I am trying to cross join to tables.
import os
import pandas as pd
import sys
import pyodbc
con = pyodbc.connect("DRIVER= {NetezzaSQL};SERVER=netezza.xxx.com;PORT=5480;DATABASE=XXXXXX;UID=xxxxx;PWD=xxxxxxx;")
con.setdecoding(pyodbc.SQL_CHAR, encoding='utf-8')
con.setdecoding(pyodbc.SQL_WCHAR, encoding='utf-8')
con.setdecoding(pyodbc.SQL_WMETADATA, encoding='utf-8')

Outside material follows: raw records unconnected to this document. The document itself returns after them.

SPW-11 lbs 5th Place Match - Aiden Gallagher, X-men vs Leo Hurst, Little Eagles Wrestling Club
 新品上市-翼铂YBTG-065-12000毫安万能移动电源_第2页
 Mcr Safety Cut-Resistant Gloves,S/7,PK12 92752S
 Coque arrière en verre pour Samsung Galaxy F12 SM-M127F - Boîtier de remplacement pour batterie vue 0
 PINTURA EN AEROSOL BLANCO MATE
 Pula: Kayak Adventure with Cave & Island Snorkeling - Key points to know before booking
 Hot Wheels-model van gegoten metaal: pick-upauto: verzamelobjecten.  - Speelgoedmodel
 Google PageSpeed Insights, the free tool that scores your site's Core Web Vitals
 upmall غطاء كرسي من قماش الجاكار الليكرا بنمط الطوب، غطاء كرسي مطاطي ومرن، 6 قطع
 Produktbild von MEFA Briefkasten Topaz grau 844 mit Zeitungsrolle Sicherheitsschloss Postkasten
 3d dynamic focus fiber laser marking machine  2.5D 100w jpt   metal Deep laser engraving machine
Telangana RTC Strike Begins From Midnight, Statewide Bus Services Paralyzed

con.setencoding(encoding='utf-8')
sql1 = """select * from table1"""
input1 = pd.read_sql_query(sql1,con)
student_name
0 abc
1 def
2 ghi
sql2 = """select * from table2"""
input2 = pd.read_sql_query(sql2,con)
subjects
0 maths
1 english
what i need is a cross join on table1 and table2 if i have to use sql it would be
select table1.*, table2.* from table1 cross join table2
student_name subjects
0 abc maths
0 abc english
1 def maths
1 def english
2 ghi maths
2 ghi english
i am trying to get above output using below line of code but it is throwing MemorryError. Any way of improving the code?
input1.assign(foo=1).merge(input2.assign(foo=1)).drop('foo',1)
Edited 3/28/2019: Since above one is not working i changed code to reduce columns. For this i converted dataframes to lists and looping on them to created output as a list. Buy the code is very slow. Any help to improve performance? I have a dataframe with key as first column and five columns with values between 0 and 1. Second dataframe have a different key as first column and 5 columns with 0 or 1 as values.
a = input5.values.tolist()
b = input6.values.tolist()
c = []
for i in range(len(a)):
for j in range(len(b)):
denominator = ((a[i][1]*float(b[j][1]))+(a[i][2]*float(b[j][2]))+(a[i]
[3]*float(b[j][3]))+(a[i][4]*float(b[j][4]))+(a[i][5]*float(b[j][5])))
numerator = (a[i][1]+a[i][2]+a[i][3]+a[i][4]+a[i][5])
mean = numerator/denominator
new_row = [a[i][0],b[j][0],mean]
c.append(new_row)
len(c)